IN APRIL, when the United States bombed Libya and most of Europe crossed to the other side of the street, the Atlantic alliance looked to be entering a period of unprecedented strain. At the Tokyo summit, however, almost all was smiles. There is a temptation to conclude that Europe's and America's differences on combating terrorism were swept under a rug, but something better happened, and not just during the Tokyo interlude but earlier, in the weeks following the April rift.
In those weeks, the United States made headway in communicating two messages to Europe. It provided the "direct, precise and irrefutable" evidence of Libyan complicity that enabled and propelled Europeans to understand why President Reagan had acted and why he had to act. It also conveyed -- and here American public opinion, forming on a separate track, reinforced the official view -- that for Americans a basic alliance transaction was involved. The message was not simply that the Europeans would have to be more supportive in order to keep a determined United States from being more unilateral. It was that the premise of common interest on which the United States assists in the defense of Europe was being undermined by Europe's reluctance to help the United States in its pursuit of interests in areas outside Europe where the Atlantic powers customarily do not act as an alliance.

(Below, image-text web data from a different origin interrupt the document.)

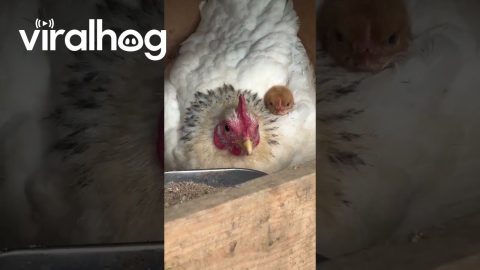 Chick Peeks Out From Under Mom || ViralHog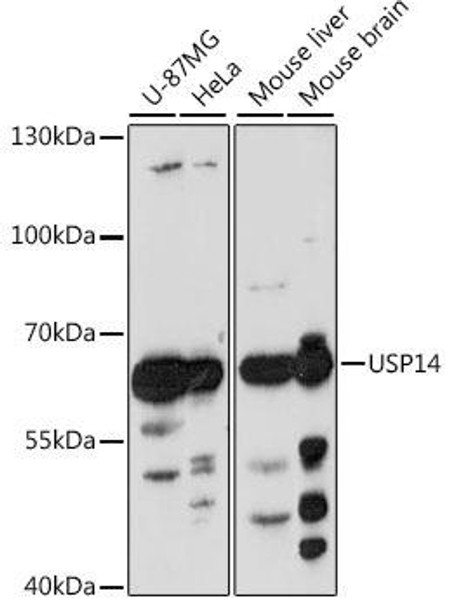 Immunology Antibodies 2 Anti-USP14 Antibody CAB16643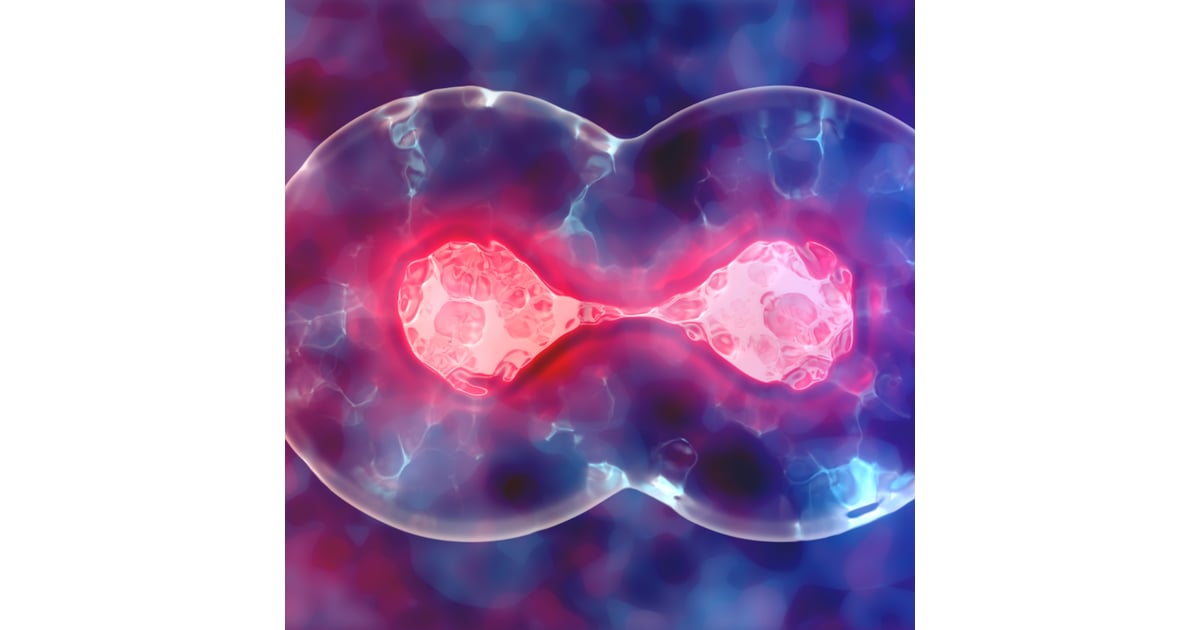 How Southeast Asian Patients Are Benefiting from Thailand’s World-Class Stem Cell Therapies for Chronic Diseases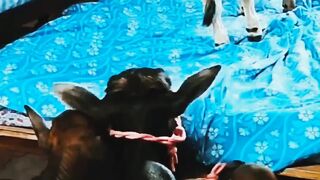 mini cow enjoy sleeping bed #youtubeshorts #viralshorts #shorts #ytshort #shortsvideos #youtube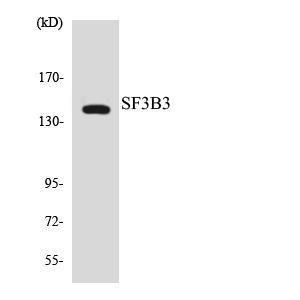 Western blot analysis of the lysates from HeLa cells using Anti-SF3B3 Antibody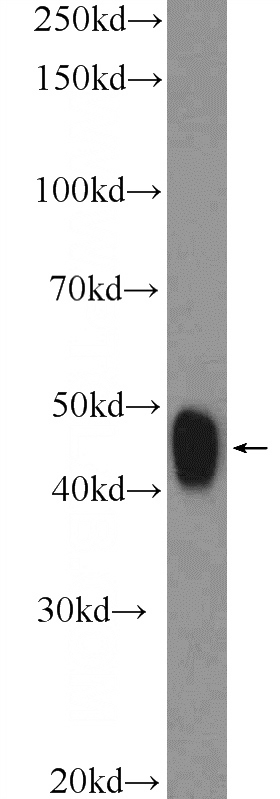 RAW 264.7 cells were subjected to SDS PAGE followed by western blot with Catalog No:112373(MAFB Antibody) at dilution of 1:1000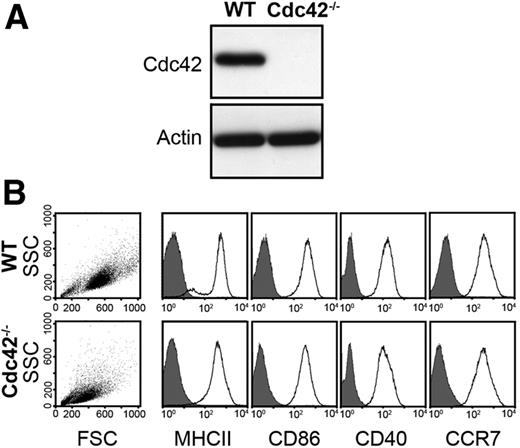 Figure 1. Knockout efficiency and maturation of Cdc42−/− dendritic cells. At day 8 of culture, bone marrow (BM)–derived dendritic cells (DCs) were matured with 200 ng/mL lipopolysaccharide for 24 hours and used for experiments. (A) Cdc42 expression was determined by Western blot analysis of wild-type (WT) and Cdc42−/− DC lysates. Actin expression was used as loading control. Cdc42−/− DCs with no detectable Cdc42 stain were chosen for experiments. (B) Size (dot plots) and maturation (histograms) of WT and Cdc42−/− DCs were analyzed by flow cytometric analysis. Expression of surface maturation markers on DCs (CD11c-positive cells) was detected with PE-labeled antibodies against MHCII, CD40, CD86, and CCR7 (white open curve) and corresponding isotype controls (gray closed curve). Representative result of independent DC cultures derived from BM of 4 WT and 4 Cdc42−/− mice.
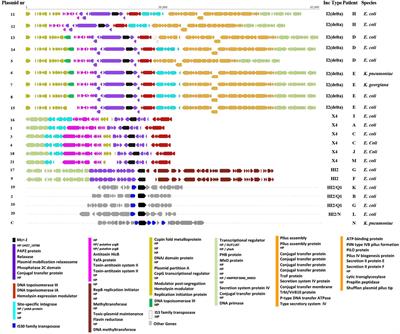 Genetic Analysis of mcr-1-Carrying Plasmids From Gram-Negative Bacteria in a Dutch Tertiary Care Hospital: Evidence for Intrapatient and Interspecies Transmission Events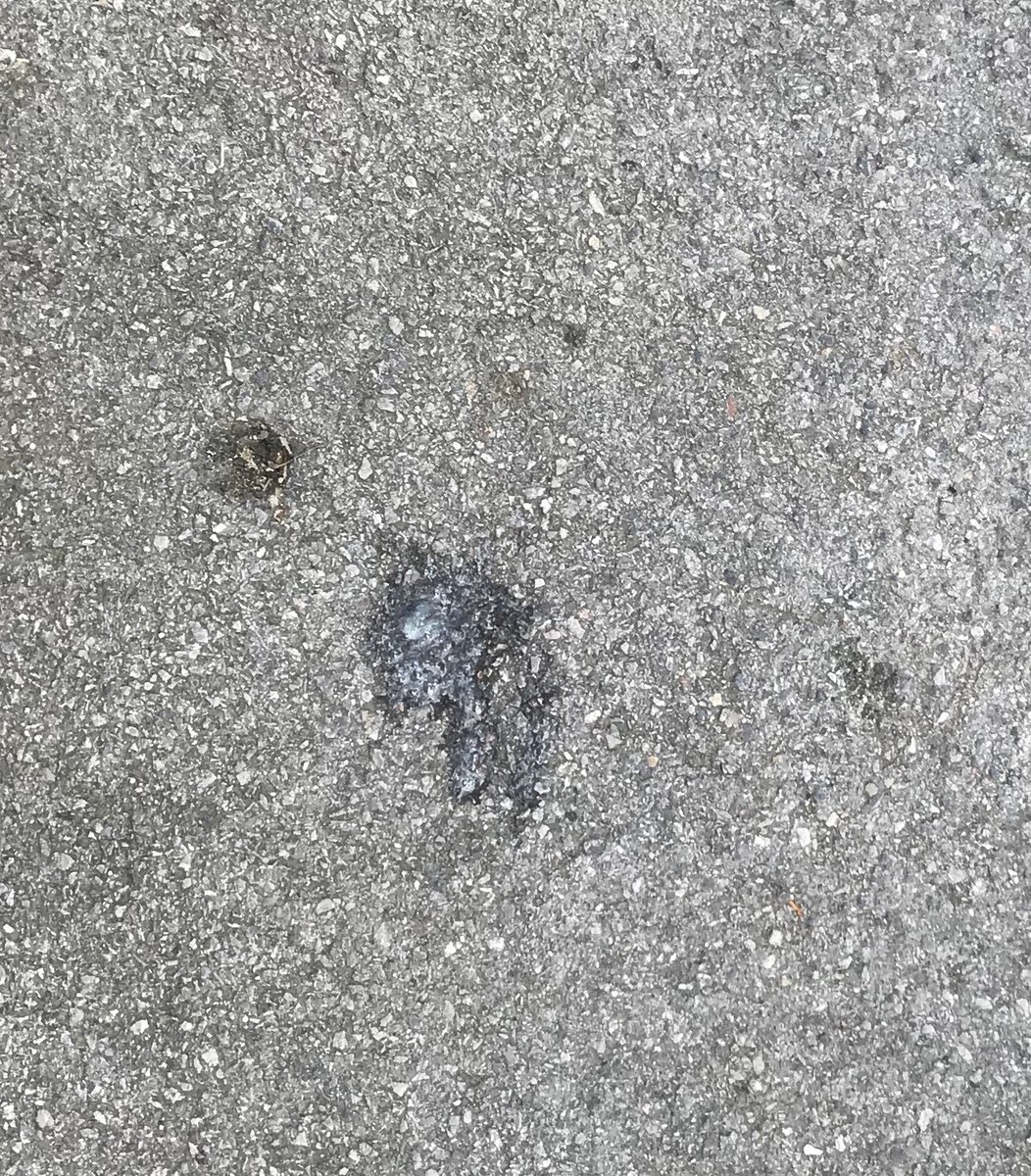SilvertonSarah's tweet photo. How irresponsible! What a way of spreading disease. It’s a disgusting habit anyway #stopspitting #coronavirus #COVIDー19 https://t.co/L0rjALU00z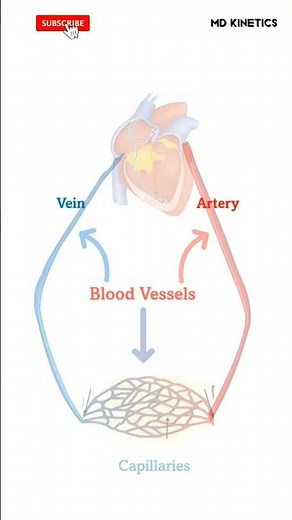 BLOOD VESSELS #science #viral #youtube #youtubeshorts #ytshorts #fyp #circulatory_system #class10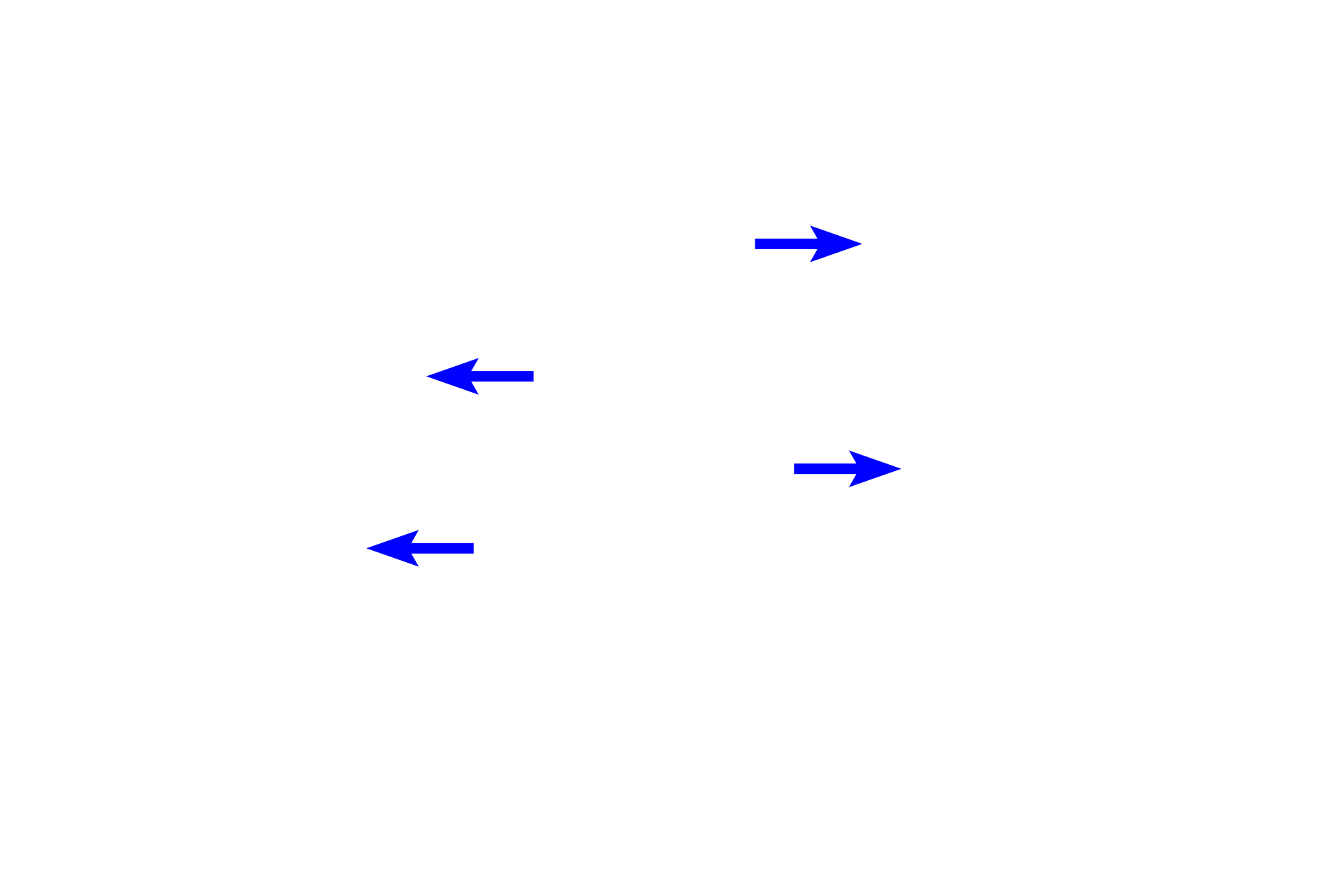 Club cells <p>As bronchioles continue to decrease in diameter they transition to the smallest conducting bronchioles, called terminal bronchioles. Their simple cuboidal epithelium has reduced cilia and lacks goblet cells. Another secretory cell type, club cells, first appears in terminal bronchioles and continues into respiratory bronchioles. Club cells often bulge into the lumen. The terminal bronchiole is surrounded by alveoli and lies adjacent to a pulmonary artery.  400x</p>
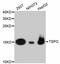 Translocator protein antibody, abx125401, Abbexa, Western Blot image 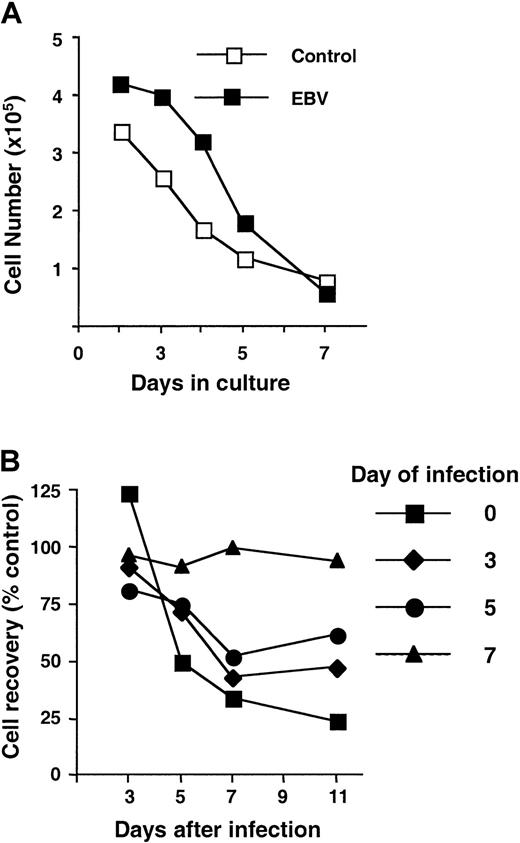 Fig. 2. EBV infection selectively affects cells undergoing differentiation into DCs. / (A) Recovery of uninfected and EBV-infected cells cultured in the absence of GM-CSF and IL-4. Results are from 1 of 4 representative experiments. (B) Complete differentiation into immature DCs is associated with resistance to the inhibitory effect of the virus. Cells cultured in the presence of GM-CSF and IL-4 were infected with EBV at different days of culture. Cell recovery was monitored at indicated time points after infection and was expressed as a percentage relative to uninfected controls to compensate for cell loss always observed in DC cultures with prolonged incubation. Mean values obtained from 3 independent experiments are shown.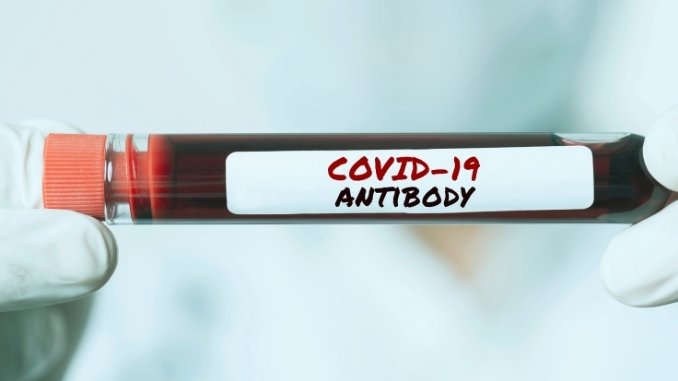 Covid-19 antibodies found in 16 pc people of Karnataka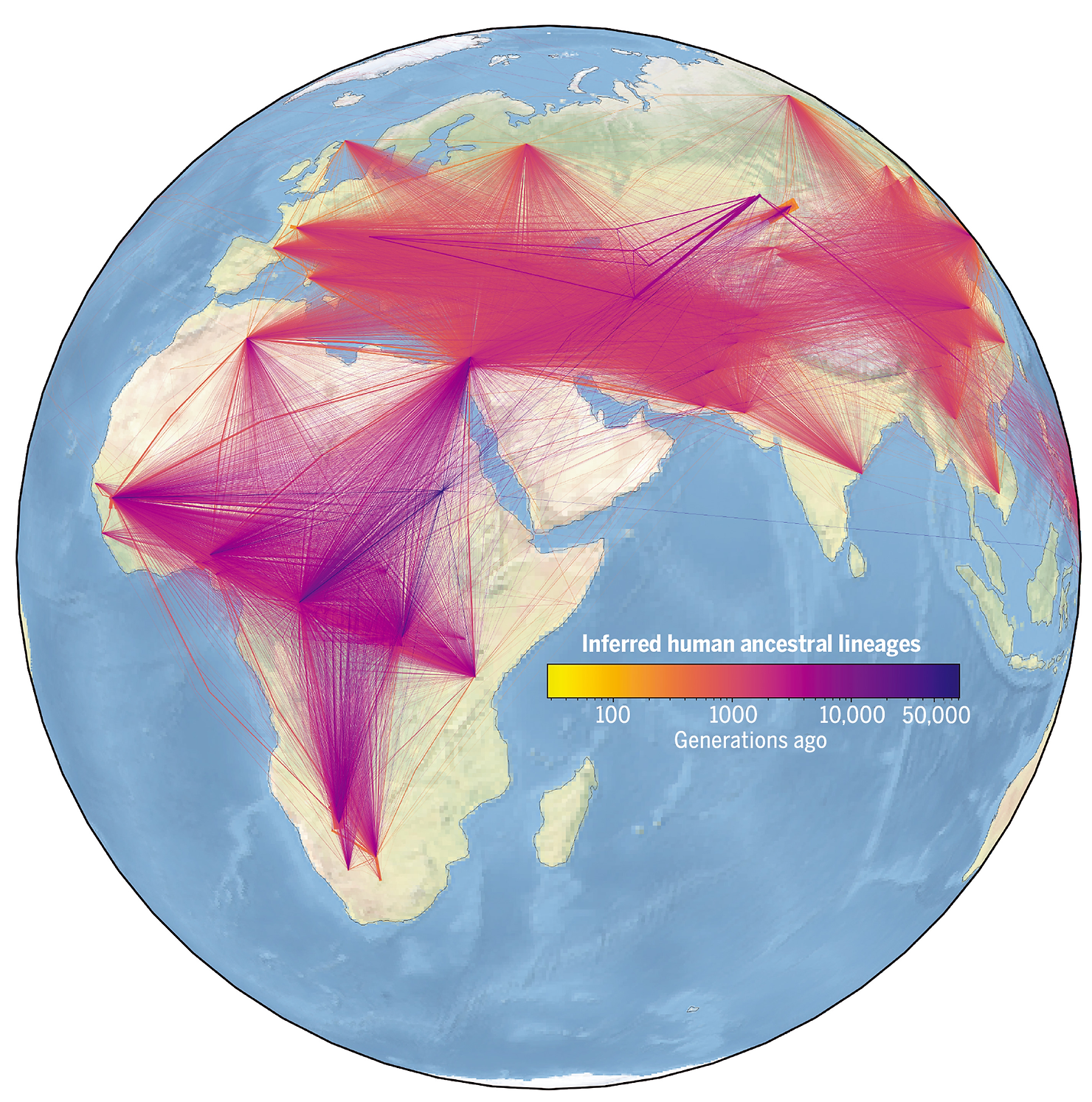 Visualizing inferred human ancestral lineages over time and space. Each line represents an ancestor-descendant relationship in our inferred genealogy of modern and ancient genomes. The width of a line corresponds to how many times the relationship is observed, and lines are colored on the basis of the estimated age of the ancestor. 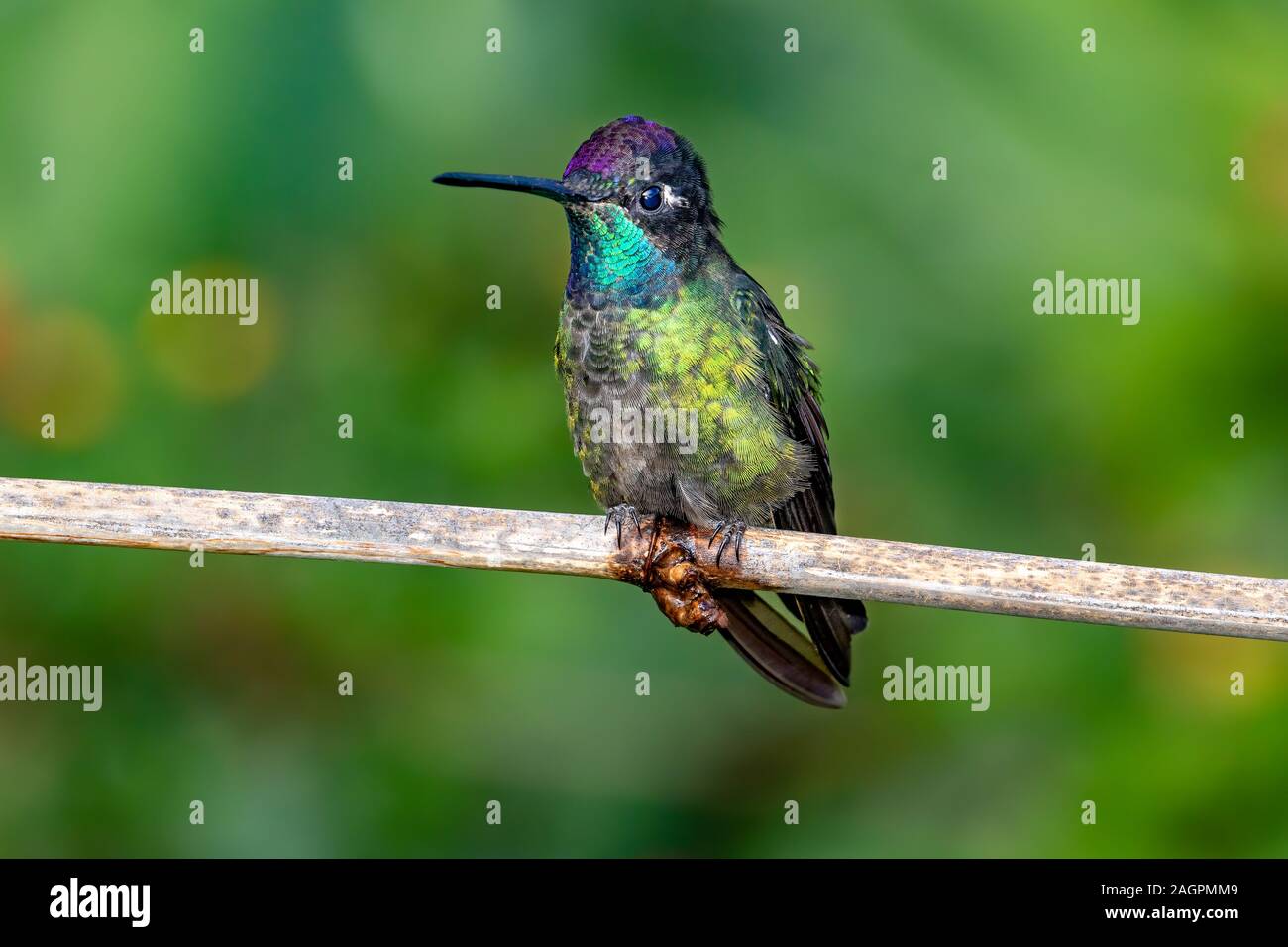 Los Talamanca hummingbird o colibrí magnífico (Eugenes spectabilis) es un colibrí grande sólo se encuentra en Costa Rica y partes de Panamá. Foto de stock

The result was that before the summit the Europeans took some specific steps to tighten up their policy -- expelling Libyans, and so forth. At the summit they joined the United States in an expression of common purpose that does not ensure united action or (administration claims notwithstanding) isolate Col. Qaddafi; but it does enlarge the area of consensus in which discussion of future steps can begin. The Tokyo statement on terrorism is not self-enforcing. Europe has not suddenly put its Third World policy in American hands. But the statement indicates a satisfying if modest new readiness on the part of the Europeans and Japan and Canada to move away from a strictly national point of view. Washington returned the favor by refraining from demanding more from the allies than the political traffic could bear.
Since the Libya raid, the allies have calmed down, and the United States has itself, while pressing for a collective approach, acted with care. In the Arab world only Libya's few current friends have rallied around; most Arabs have kept their distance in their fashion. The Palestinian problem remains a principal source as well as pretext of much Middle East terrorism, and it must be tended to, for reasons extending much beyond considerations of terrorism. Still, the Palestinian issue is not being used as widely as it earlier was to justify passivity in the face of terrorism. More bombs will go off, but more will be done against the bombers, across a broad spectrum of policies and in more of an alliance context too.